Stanford Knowledge Graph Course Not-Quite-Live-Blog 4

Bob Kasenchak and Ahren Lehnert, Synaptica

The fourth installment of the Stanford Knowledge Graphs Course featured speakers discussing “What are some knowledge graph inference algorithms?” and included discussions of inference algorithms, entity disambiguation, and resolving heterogeneous/diverse graph structures.

NB: Once again, although it would be helpful to post screengrabs of the presenters’ slides it does not seem appropriate.

The video for this session is not available yet.

AnHai Doan, University of Wisconsin-Madison and Informatica

Recent Advances in Entity Matching

Entity matching (or entity linking, entity resolution, entity disambiguation) has been and continues to be a problem of ongoing interest for both researchers and practitioners. Doan considers this problem to be a “Fundamental Operation in Building Knowledge Graphs” and discussed two software-based solutions developed at the University of Wisconsin.

The essential problem is to find and merge duplicate/identical entities (perhaps customers or authors) from two or more datasets, given that names (of people and also places) can appear in different forms, and collapse them into single records.

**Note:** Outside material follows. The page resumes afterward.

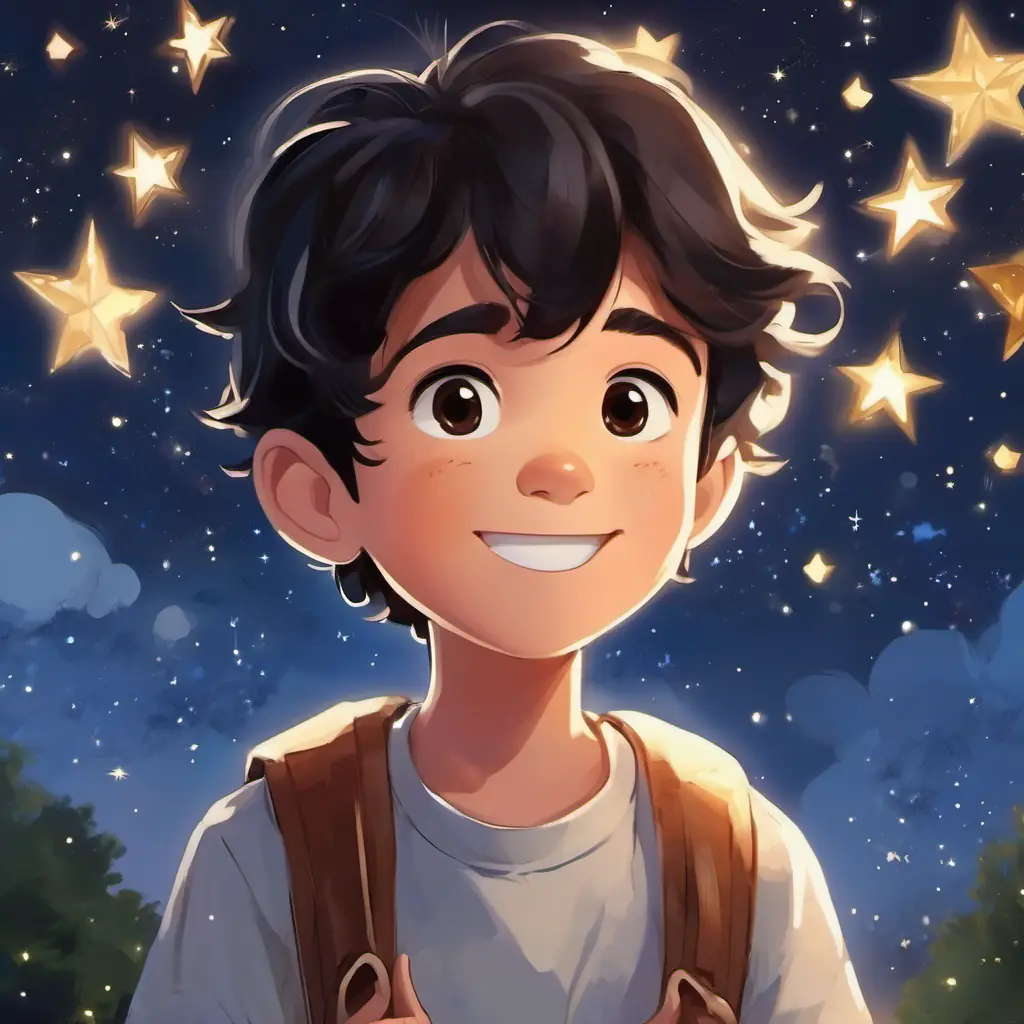 A young boy with black hair, brown eyes, and a big smile praying with a shining heart while stars twinkle outside.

Doan discussed the current state of the art (over the past five decades): algorithmic solutions are often not end-to-end entity matching systems and feature lots of handcrafted rules, and more recent machine-learning-based solutions do not always scale well (to, for example, millions of triple statements and entities).

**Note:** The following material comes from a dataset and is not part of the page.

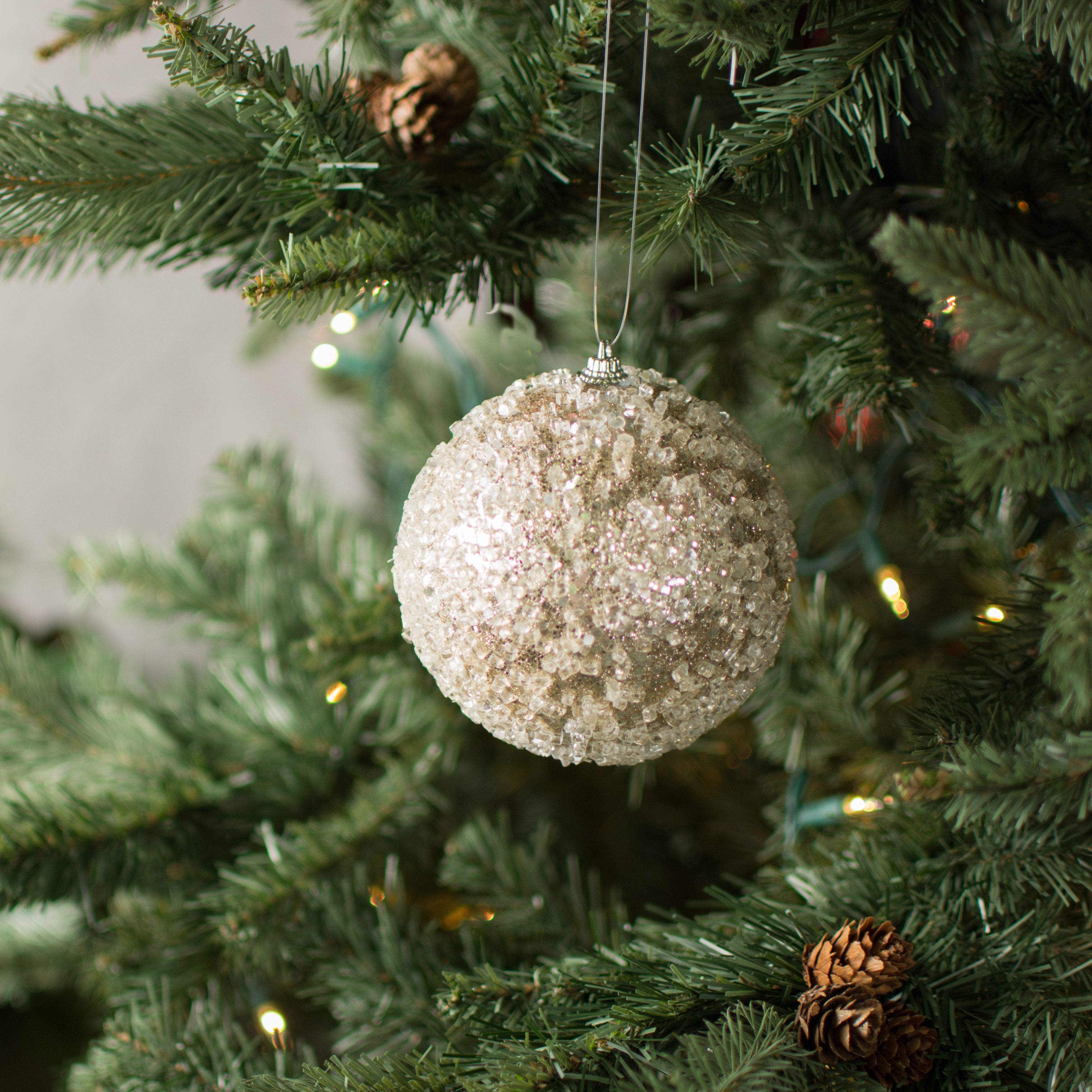 4" Beaded Ball Ornament: Champagne Lifestyle Photo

The Magellan Project at UW-Madison, launched in 2015, seeks to develop end-to-end platforms to solve real-world problems and currently includes two Python-based platforms: PyMatcher, an open-source solution, and CloudMatcher, the close-sourced enterprise-level cloud-based solution.

CloudMatcher features an interactive interface that lets users help teach the system to match entities from their datasets. It uses a blocking or clustering technique to first identify names that are similar enough to compare (harnessing a variety of text-matching scores to this end) and applies the Random Forest method to sort out the potential matches.

——————————

Yuxiao Dong, Microsoft Research

Learning with Academic Knowledge Graphs

Dong’s talk focused on his work with the Microsoft Academic Knowledge Graph, which is an open (!) dataset driven by a knowledge graph to enable semantic search.

Currently comprising over 200 million papers, 250 million authors, over 25,000 institutional affiliations and almost 1.4 billion (!) references, the interface features a single search box that allows users to mix and match authors, topics, dates, and affiliations to find research articles. The live demo of the interface was very impressive and showed how any text is fair game as input for the search, returning a selection of results filterable by various facets (if you will) including associated entities, topics, authors, etc.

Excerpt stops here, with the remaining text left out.